TASK GOAL: Lines from the one containing "В аренду: $2,500" through the end of the material are to be retyped exactly; do not copy pictures.

STORED DATA:
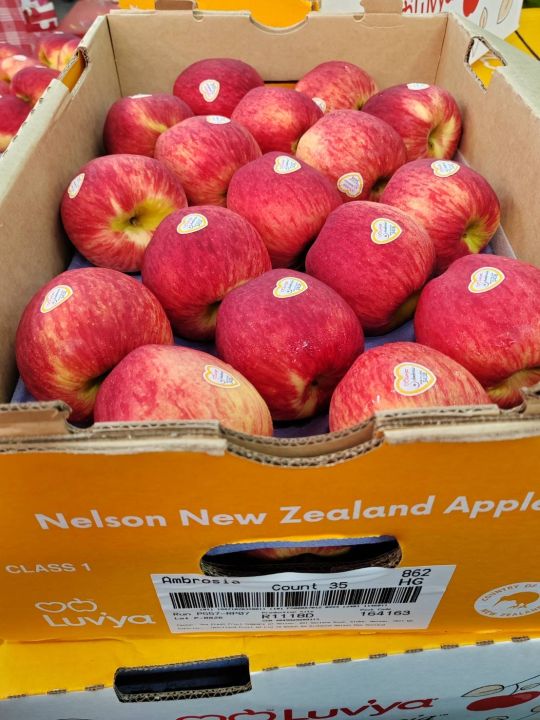 แอปเปิ้ล-แอมโปรเซีย-นิวซีแลนด์-ambrosia-nz-30-35-ลูก-ลัง-นำเข้าจากนิวซีแลนด์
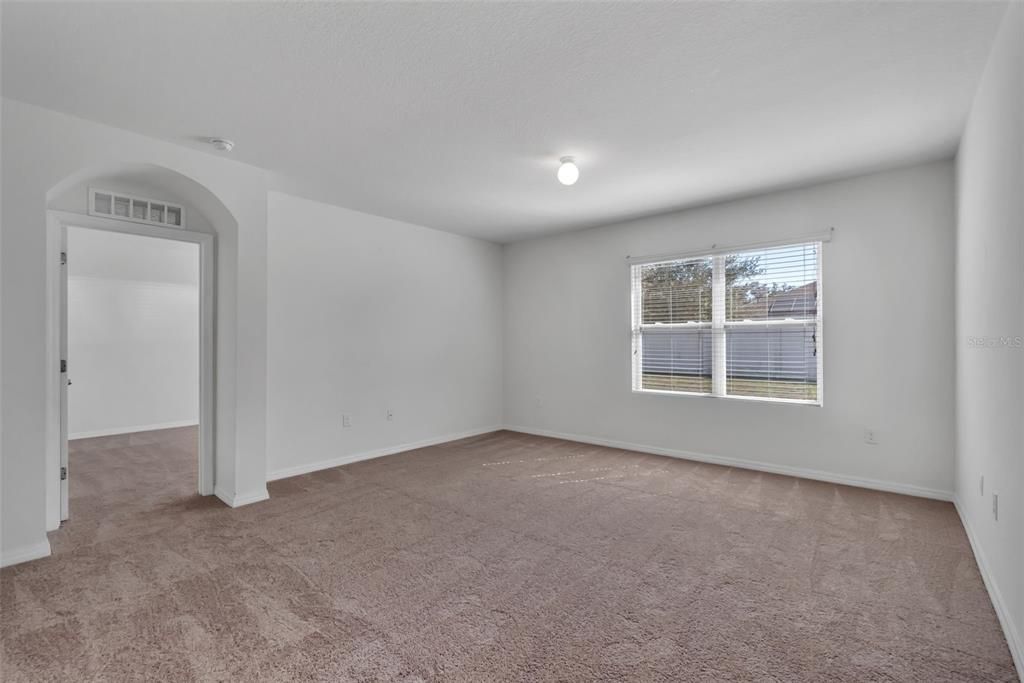 В аренду: $2,500 (4 спален, 2 ванн, 1846 Квадратных фут)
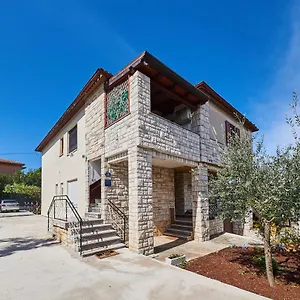 Red Karmenita Apartment Umag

ANSWER TO THIS EXERCISE:
 В аренду: $2,500 (4 спален, 2 ванн, 1846 Квадратных фут)
 Red Karmenita Apartment Umag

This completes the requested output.